The original was posted on /r/maliciouscompliance by /u/Ancient_Educator_76 on 2024-10-11 02:17:42+00:00.
This story isn’t what you think it is. Well, Now it is, I suppose.
I’ve written many MCs about my adult life , teaching, running a drive thru, you name it. Though I’ve referenced growing up with my father , this is the first time I’ve written about him directly. There has to be a statute of limitations on speaking I’ll of the dead. If these balls could talk.
Anyway, I’m about eleven years old in Germantown (the projects of Quincy) Massachusetts living with my father. Any time I’ve asked about my mom I got shot down with a “ she’s a crazy b#tch”. My father had many vices. Tobacco seemed to play the biggest role in our lives and in keeping him relatively sane. Cigarettes lined up like a Clash of Clans skeletal army, warding off the much bigger , much more formidable beasts that lie ahead. Individually, a cigarette holds minimal power, yet a million times more power than none.
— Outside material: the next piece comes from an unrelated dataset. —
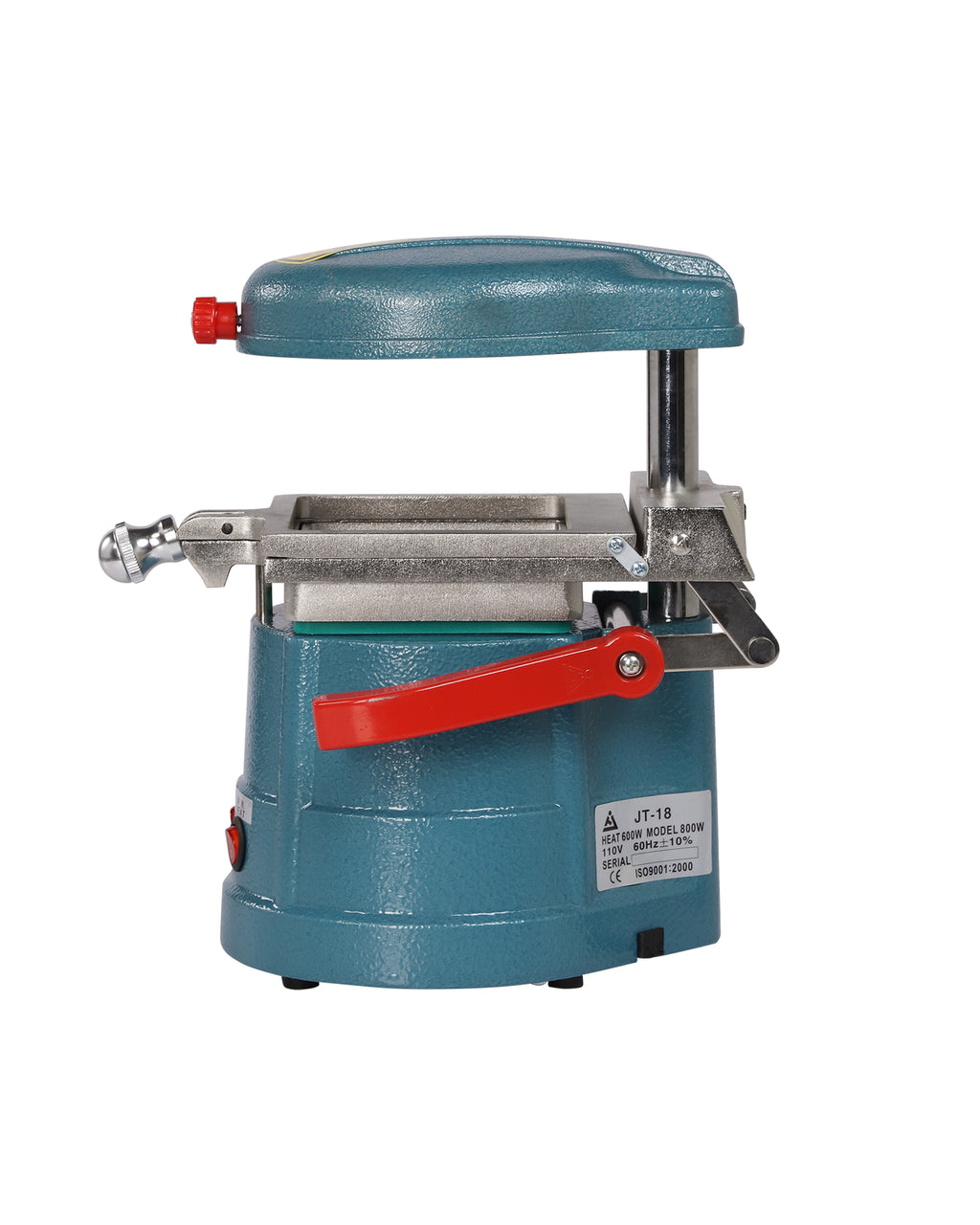 Máquina de vacío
This sad mathematical fact is what brings us to this story of the most malicious of compliances.
When my dad ran out of the money he got for SSI and SSA, cigarettes became a problem, even in the late eighties. He would have me “bum cigarettes” from the neighbors. Some neighbors were generous. Some told me how vile it was for a father to send their child to get cigarettes. Some threw chicken bones at me. If I only had the wherewithal to reply “ ma’am I’m eleven “. Or at least duck.
When it got really bad he had me walk the town looking for cigarette butts that still had some tobacco left. This was a disgusting activity that I eventually got really good at. And really sick of.
One night he sends me off on another tobacco mission, but I’m in the middle of a game of monopoly I’m playing with Chewbacca, starscream and megatron, and it’s about to get good. I argue to the point of my dad throwing throwing a handful of shit#ty coins at me , yelling in his raspy post-thyroidectomy voice “don’t come back until you have cigarettes I can SMOKE!!!”
Enter MC
As blood trickles down my face, dripping onto a few dirty coins I managed to retain from their violent travels, I wonder what other crimes these coins have been complicit to. What have you done, little dime!?
I was done. With all of it. As an eleven year old I had very little cards to play, but one of them landed right in my lap.
I walked in the dead of night, directly up the unnamed dirt road my dad used to drive me down whilst sitting on the hood. Back when I was a few years younger. When I was his type. Am I ready to do this?
I keep walking, seeing many cigarette butts and even an un crushed pack, ignoring them all as I walk to the fire station. I know there’s a pay phone there, and this time my dads gonna pay.
I look down at my coins, my bloody dime, and call my Aunt Stella. She told me earlier this year that anytime I needed help, call her. My Dad always insisted I don’t do this, or ever call her for anything, because “all she wants to phuqqing do is rat me out and see me in jail so SHE can keep u!” Sounds like a plan. When she picked up she knew right away, but explained in way too much detail what happened the last few months and then years, even including the SA from my dad back when he was still into me. If these balls could talk. Anyway, I cried and tears well up even now remembering how it all just flowed out of me like a river of garbage falling over me.
I knew this was gonna be big trouble if I didn’t have the cigarettes and I told her. She risked her life driving to us, pack of cigarettes in her hand as she picked me up and told me to stay in the car. Even through the closed windows of a Chevy nova I could hear her yell “here’s your fucking cigarettes, I’m taking op!!”
The saddest sh*t was that he took the cigarettes and turned around no argument. He didn’t even fight for me . I don’t even know why, to this day, I even wanted him to. Aunt Stella did what I knew she would; call the cops on him and take me in. He went to jail then eventually out of state after kids kept coming out of the woodwork who were his victims.
I never looked back.
Who am I kidding? I looked back every day since.
TLDR- my dad said don’t come back without getting cigarettes. I got him his older sister and a couple next little metal bracelets too.